Le vieux routier Roy Scheider (French Connection, Les dents de la mer, Marathon Man, Que le spectacle commence) est ici entouré de jeunes acteurs qui n’ont guère trouvé de meilleur rôle dans leurs courtes carrières respectives, hormis Lauren Woodland, qui interprète le personnage de Tammy. Actrice active depuis l’âge de 7 ans, elle a surtout joué pour la télévision, incarnant des personnages récurrents dans les séries Alien Nation, Brooklyn Bridge, Sunset Beach et, postérieurement au présent film, Les feux de l’amour, dans lequel elle tournera durant cinq ans. Au cinéma, elle n’est apparue que dans huit films assez peu connus, dont quatre films d’horreur ; outre le présent film, elle était dans The Eleventh Commandment (1986), Body Count (1987) et Rock-A-Die Baby (1989), trois films obscurs où elle incarnait des personnages de fillette.

La maison, située en Irlande, qui sert cadre à l’histoire, avait déjà utilisée pour Aux portes de l’enfer (1999), une autre production de Roger Corman.

C’est toujours un peu triste de voir un acteur de renom finir sa carrière dans des productions de seconde zone. Car, hormis pour payer ses impôts, on ne voit guère pour quelle raison artistique Roy Scheider a pu accepter de se compromettre dans cette variation peu inspirée sur le thème de la maison hantée.

Cette fois, il s’agit d’une maison dont l’un des anciens propriétaires était un adepte de la magie noire. Les manifestations surnaturelles ne tardent donc pas à se multiplier : une main griffue qui se balade sur l’épaule de Susan alors qu’elle prend sa douche (prétexte à une scène de nudité), les poupées de Tammy retrouvées dans des positions obscènes, et des phrases tout aussi obscènes dont Owen retrouve parsemé le mémoire qu’il saisit sur son ordinateur – difficile de faire moins spectaculaire comme manifestations démoniaques ! -, puis l’apparition à Owen d’un démon femelle en lévitation dans la cave, des vers qui débordent d’un tiroir, Rick soudain possédé par un démon tandis qu’il fait l’amour à Susan (prétexte à une scène de sexe sauvage). L’apparition de la succube aux quatre occupants achève de les convaincre que la maison est bien hantée et les décide à appeler à la rescousse un vieux prof d’université spécialisé en parapsychologue (Roy Scheider), dont la secrétaire s’avère être le portrait craché de la succube. Et pour cause : elle est une descendante de la famille qui a habité le manoir ! Sacrée coïncidence n’est-ce pas ? Tout ce petit monde se donne donc rendez-vous au manoir pour découvrir que la cave donne sur une porte de l’enfer. Le prof incarné par Roy Scheider – pourtant tête d’affiche – est tué prématurément, au cours d’une scène gore d’ailleurs fort peu convaincante (un démon lui arrache le visage sans même qu’il ne se débattre ni pousse le moindre cri !)

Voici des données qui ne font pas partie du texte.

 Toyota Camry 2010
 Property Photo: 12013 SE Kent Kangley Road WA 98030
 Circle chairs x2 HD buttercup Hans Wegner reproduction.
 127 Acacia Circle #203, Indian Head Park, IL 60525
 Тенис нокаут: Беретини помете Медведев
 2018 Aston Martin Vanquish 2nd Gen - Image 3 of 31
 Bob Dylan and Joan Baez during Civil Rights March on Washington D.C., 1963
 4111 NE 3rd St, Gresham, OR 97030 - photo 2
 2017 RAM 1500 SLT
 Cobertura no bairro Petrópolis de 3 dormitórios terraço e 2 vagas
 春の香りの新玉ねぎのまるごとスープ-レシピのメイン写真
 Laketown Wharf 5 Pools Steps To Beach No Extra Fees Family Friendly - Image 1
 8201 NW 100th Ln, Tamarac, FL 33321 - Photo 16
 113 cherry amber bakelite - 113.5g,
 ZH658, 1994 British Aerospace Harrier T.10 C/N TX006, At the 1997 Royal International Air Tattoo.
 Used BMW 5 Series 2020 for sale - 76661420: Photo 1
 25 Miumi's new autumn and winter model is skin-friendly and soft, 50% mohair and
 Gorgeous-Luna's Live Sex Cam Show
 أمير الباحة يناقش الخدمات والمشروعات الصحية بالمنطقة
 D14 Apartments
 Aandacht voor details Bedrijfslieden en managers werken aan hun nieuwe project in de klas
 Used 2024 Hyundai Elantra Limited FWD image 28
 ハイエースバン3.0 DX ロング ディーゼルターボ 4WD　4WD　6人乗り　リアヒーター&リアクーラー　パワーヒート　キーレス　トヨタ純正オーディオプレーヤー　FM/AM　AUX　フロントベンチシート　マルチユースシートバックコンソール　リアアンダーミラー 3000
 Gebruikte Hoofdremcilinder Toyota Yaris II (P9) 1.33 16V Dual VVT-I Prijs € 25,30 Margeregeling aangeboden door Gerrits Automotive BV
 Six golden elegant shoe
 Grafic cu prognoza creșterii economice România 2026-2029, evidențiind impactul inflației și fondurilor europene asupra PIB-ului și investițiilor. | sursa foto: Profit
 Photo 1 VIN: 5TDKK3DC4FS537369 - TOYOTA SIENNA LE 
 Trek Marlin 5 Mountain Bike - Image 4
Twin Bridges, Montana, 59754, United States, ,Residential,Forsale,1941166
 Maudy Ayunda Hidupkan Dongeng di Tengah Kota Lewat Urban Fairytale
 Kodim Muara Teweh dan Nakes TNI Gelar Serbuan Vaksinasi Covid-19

Le scénario, qui possédait encore jusque là une certaine cohérence, part ensuite à vau l’eau, comme dépourvu de fil conducteur. Lydia, la secrétaire du docteur, disparaît provisoirement de l’histoire, on ne sait pas trop pourquoi, avant de revenir prêter main forte aux jeunes gens. Entre temps, le proprio et un policier amené sur les lieux par les étudiants se sont fait happer les entrailles de la maison, Rick s’est à nouveau retrouvé investi par l’esprit du démon (pourquoi ça ne tombe que sur lui au fait ?) et menace désormais ses compagnons, tandis qu’un démon masculin au visage boursouflé a fait son apparition…

Si le scénario finit par tourner à vide, la crédibilité du film est de toute façon ruinée dès le départ par la tonalité de son interprétation et de ses dialogues. Les jeunes gens passent en effet leur temps à échanger des répliques de mauvaise sitcom, et leurs réactions face aux forces surnaturelles donnent parfois l’impression d’assister non pas à un film d’horreur mais à un épisode de Scoubidou. Or le film ne semble pourtant pas chercher à jouer la carte de la comédie. Par ailleurs, la moue de l’acteur qui interprète le personnage d’Owen s’avère assez vite horripilante.

Bref, on ne croit pas un instant à cette histoire ni à ses personnages, si bien que le film a tôt fait de susciter lassitude et ennui.

Dans le même genre : Aux portes de l’enfer (Mitch Marcus), Le couloir de la mort, Night of the Demons.